• _Action item_
These records contain pictures, which must be left out; copy exactly the lines from the one with "Industry Revenue and Bad Debt Trends" up to and including the one with "New 6-Month Singapore".

• _Supplied material_
= Beginning of Section =
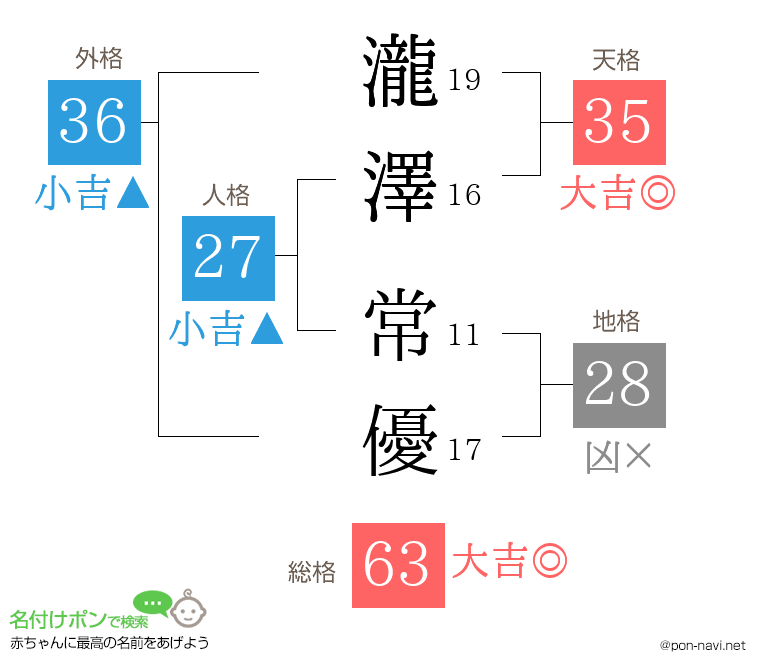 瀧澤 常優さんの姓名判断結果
= End of Section =
= Beginning of Section =
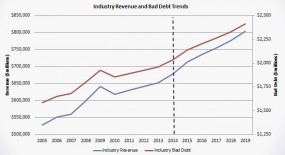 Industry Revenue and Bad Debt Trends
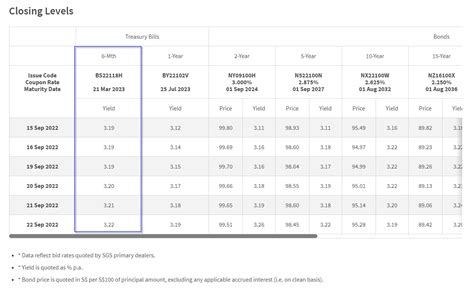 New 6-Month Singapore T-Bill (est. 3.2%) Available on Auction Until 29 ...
= End of Section =
• _Response below_
 Industry Revenue and Bad Debt Trends
 New 6-Month Singapore T-Bill (est. 3.2%) Available on Auction Until 29 ...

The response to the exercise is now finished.